I just saw the table of contents for the December issue of 『歴史学研究』 and noticed that Frog in a Well contributor Sasaki Kei (see his postings here) has published an essay on his research on wartime labor conscription in Japan.
I am away from libraries where I can read the article at the moment but here is the English abstract available online:
The Development of Labor Conscription Support Projects in Japan during the Asian Pacific War: A Study of National Integration
This paper examines an aspect of national integration in Japan during the Asian-Pacific War through an analysis of the development of labor conscription support projects. Prior research on wartime Japanese society has mainly focused on cultural and welfare movements, or local communities.
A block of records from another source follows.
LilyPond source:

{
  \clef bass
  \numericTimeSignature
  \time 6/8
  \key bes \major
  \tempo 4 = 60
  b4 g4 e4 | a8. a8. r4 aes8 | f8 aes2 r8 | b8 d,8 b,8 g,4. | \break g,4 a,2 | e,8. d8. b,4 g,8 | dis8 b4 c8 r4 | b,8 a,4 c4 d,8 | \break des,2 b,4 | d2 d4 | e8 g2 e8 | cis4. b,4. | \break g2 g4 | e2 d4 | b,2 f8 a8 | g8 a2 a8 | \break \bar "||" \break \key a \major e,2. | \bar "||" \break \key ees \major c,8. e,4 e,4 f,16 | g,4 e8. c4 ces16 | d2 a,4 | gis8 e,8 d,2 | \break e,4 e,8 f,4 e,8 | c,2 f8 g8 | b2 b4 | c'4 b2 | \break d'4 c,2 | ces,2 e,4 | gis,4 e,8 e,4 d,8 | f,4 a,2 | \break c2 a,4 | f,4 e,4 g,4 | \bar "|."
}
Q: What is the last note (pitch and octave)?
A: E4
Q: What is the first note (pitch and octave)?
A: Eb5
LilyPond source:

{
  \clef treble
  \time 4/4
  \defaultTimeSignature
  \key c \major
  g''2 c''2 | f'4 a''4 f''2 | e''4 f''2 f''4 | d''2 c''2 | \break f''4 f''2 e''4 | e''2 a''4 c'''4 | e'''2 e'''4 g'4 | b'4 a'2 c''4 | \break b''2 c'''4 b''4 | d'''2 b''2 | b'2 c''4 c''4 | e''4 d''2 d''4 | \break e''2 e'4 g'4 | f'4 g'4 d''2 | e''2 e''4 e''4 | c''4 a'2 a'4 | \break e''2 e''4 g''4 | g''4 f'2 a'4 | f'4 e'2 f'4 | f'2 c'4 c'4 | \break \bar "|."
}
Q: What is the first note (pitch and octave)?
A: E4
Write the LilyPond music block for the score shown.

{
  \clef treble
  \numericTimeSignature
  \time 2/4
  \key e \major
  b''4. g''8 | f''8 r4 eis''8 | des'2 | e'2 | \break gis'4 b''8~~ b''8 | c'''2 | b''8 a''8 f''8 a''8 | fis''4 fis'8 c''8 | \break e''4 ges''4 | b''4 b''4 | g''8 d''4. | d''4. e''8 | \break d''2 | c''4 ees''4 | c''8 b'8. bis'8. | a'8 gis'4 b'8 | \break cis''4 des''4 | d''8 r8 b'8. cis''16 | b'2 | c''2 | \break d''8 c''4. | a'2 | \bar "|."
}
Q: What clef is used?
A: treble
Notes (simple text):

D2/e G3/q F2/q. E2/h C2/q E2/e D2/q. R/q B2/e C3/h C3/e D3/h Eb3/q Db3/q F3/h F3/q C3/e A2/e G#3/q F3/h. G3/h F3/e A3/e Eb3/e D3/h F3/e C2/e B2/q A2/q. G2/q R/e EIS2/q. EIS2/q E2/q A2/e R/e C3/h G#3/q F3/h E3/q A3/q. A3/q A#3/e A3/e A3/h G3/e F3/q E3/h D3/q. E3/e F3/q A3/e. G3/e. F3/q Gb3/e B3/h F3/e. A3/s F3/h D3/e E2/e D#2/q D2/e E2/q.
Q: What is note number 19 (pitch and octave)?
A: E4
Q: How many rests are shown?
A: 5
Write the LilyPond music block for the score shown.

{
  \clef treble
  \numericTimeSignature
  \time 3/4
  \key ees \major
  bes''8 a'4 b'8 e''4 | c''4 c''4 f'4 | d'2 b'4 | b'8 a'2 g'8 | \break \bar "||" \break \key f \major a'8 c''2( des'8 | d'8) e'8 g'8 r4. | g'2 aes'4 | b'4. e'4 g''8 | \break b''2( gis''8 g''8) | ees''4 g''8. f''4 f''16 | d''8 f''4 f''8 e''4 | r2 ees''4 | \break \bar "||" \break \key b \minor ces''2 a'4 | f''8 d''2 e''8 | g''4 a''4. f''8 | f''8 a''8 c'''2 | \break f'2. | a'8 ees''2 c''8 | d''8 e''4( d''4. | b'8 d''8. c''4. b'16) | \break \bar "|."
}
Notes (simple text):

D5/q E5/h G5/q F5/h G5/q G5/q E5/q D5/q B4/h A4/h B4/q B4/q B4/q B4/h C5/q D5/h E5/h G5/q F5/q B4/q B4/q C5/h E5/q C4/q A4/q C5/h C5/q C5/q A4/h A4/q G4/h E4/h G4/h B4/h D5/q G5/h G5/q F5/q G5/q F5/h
However, few of them have paid attention to the labor conscription system, which is very important to understand Japan’s total war system.
Firstly, this article establishes that national support projects for the conscripted people and their families were developed in various ways and on a wide scale from the middle of 1943. Though prior research has emphasized the irrationality of the system of labor conscription, we demonstrate that it actually based on an elaborate mechanism.
Secondly, we examine the realities of labor conscription support projects in Osaka Prefecture, where social workers (homen iin) appointed to the Conscripts Consultation Committee (Ochoshi sodan iin) mainly engaged in the projects, and explore the various aspects of interaction between the support projects with the populace. The “effects” of support projects did not necessarily coincide with what the state intended, and the projects served as a medium for the people to achieve their demands.